The Panel finds the disputed domain name to be confusingly similar to the Complainant’s trademarks. The Complainant has satisfied the requirements of paragraph 4(a)(i) of the Policy.

B. Rights or Legitimate Interests

While the overall burden of proof in UDRP proceedings is on the complainant, prior UDRP panels have recognized that proving a respondent lacks rights or legitimate interests in a domain name may result in the often impossible task of “proving a negative”, requiring information that is often primarily within the knowledge or control of the respondent. As such, where a complainant makes out a prima facie case that the respondent lacks rights or legitimate interests, the burden of production on this element shifts to the respondent to come forward with relevant evidence demonstrating rights or legitimate interests in the domain name. If the respondent fails to come forward with such relevant evidence, the complainant is deemed to have satisfied the second element; see WIPO Overview 3.0, section 2.1.

As noted above, there is no relationship between the Parties, and the Complainant has not granted any authorization for the Respondent to make use of the Complainant’s trademarks in a domain name or otherwise.
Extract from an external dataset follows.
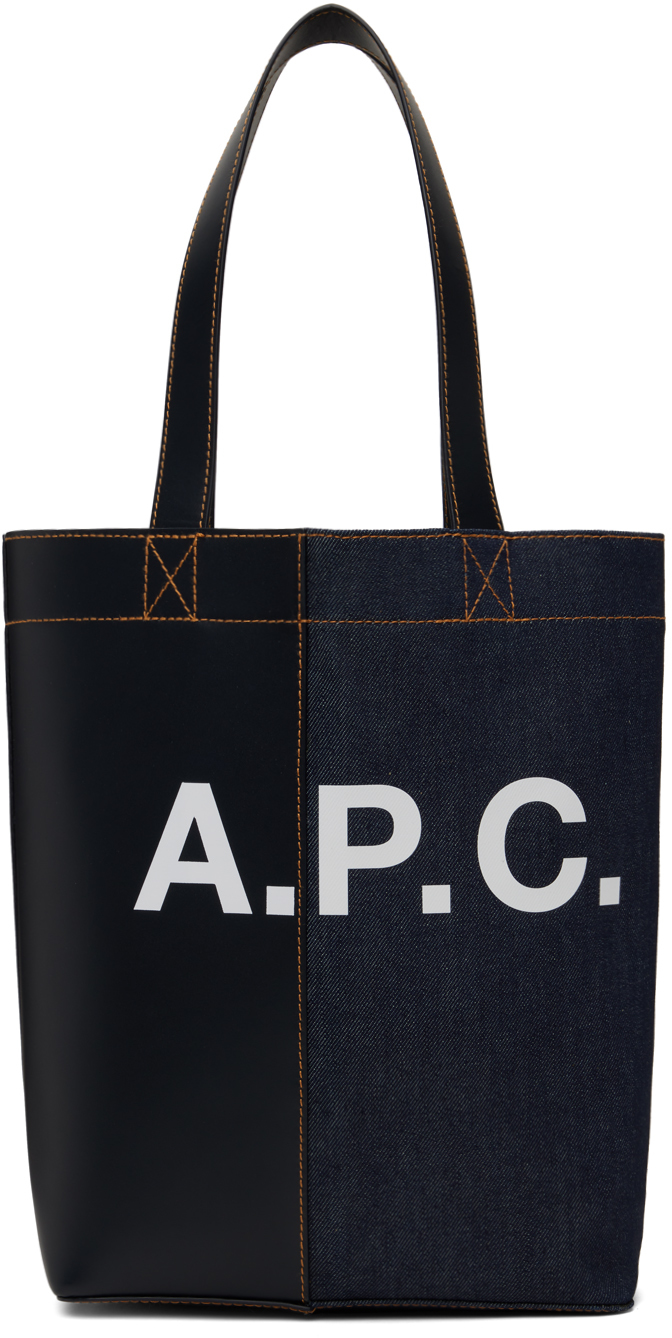 Shop Apc ネイビー＆ブラック Axel N/s トートバッグ In Iak Dark Navy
The disputed domain name does not resolve to an active website. The Respondent has not come forward with evidence of any demonstrable preparations to use the disputed domain name in connection with a bona fide offering of goods or services, as contemplated by paragraph 4(c)(i) of the Policy. The Respondent’s name is listed in the WhoIs as “Deigo Deigo”, which bears no resemblance to the disputed domain name whatsoever. There is no evidence of the Respondent making any legitimate noncommercial or fair use of the disputed domain name within the meaning of paragraph 4(c)(iii) of the Policy.

The Panel finds that the Respondent has established a prima facie case that the Respondent has no rights or legitimate interests in the disputed domain name. Despite having been properly notified of the present Complaint, the Respondent has failed to come forward with any assertions supported by relevant evidence that would serve to rebut the Complainant’s prima facie case. Accordingly, the Panel finds that the Respondent has no rights or legitimate interests in the dispute domain name. The Complainant has satisfied the requirements of paragraph 4(a)(ii) of the Policy.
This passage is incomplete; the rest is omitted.